One of the things many mathematicians have trouble developing is what might be called "good taste" - a sense of what mathematics is genuinely interesting and can lead to further interesting developments. Some have so little taste that they declare that there is no such thing, and then claim the popularity of various research areas is driven purely by the entirely arbitrary decisions of famous mathematicians.
Good taste is important in research university level research for two reasons. First, if you are in an interesting research area, at some point all the problems you are working on will be solved or found intractable, and you will need to find new problems, and you will be doomed to obscurity if you pick bad problems. Second, at an R1, you are expected to have graduate students, and this means guiding them to good problems, at least good enough for them to write a dissertation.
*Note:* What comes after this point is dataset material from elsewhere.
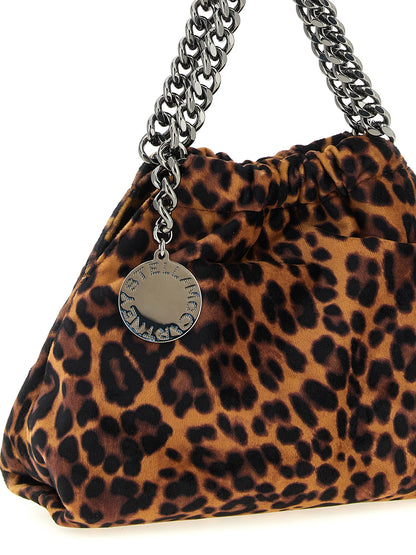 Mini Drawstring Handbag by Stella McCartney for women in polyester brown, leopard-print, signature & print presents a ornamental silhouette, showcasing a secure drawstring, ample , and versatile for a ornamental finish.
Hopefully, you will also help develop good taste in your students, which is easier if you have it yourself.
If you have good taste, it's hard to imagine that you will be working on something that's completely uninteresting to everyone in a large department, or something that's uninteresting to everyone in a collection of smaller departments (all of which presumably you'll want to apply to). (Matters could be different if you have some reasons, for example geographic ones, to want employment in a particular single small department.) You might not be working on anything that someone at the department is working on, but you'll be working on something that's interesting to someone. I might add that mathematics is more connected than one might think, and someone working in an apparently complete different area could be interested in your work because of some connection you don't know about. Keep in mind that departments rarely want to hire someone working on exactly the same topic that they already have someone working on, because you wouldn't be able to advise students the other person couldn't, and so on.
Now, it is very hard to evaluate good taste for someone at the point in their career where they are applying to tenure-track positions, and faculty are naturally likely to think their taste is good, so one can try to fake good taste by emulating the tastes of others. I suppose it's a strategy, but if you're willing to work on something you're not really interested in, why not go to industry and make more money?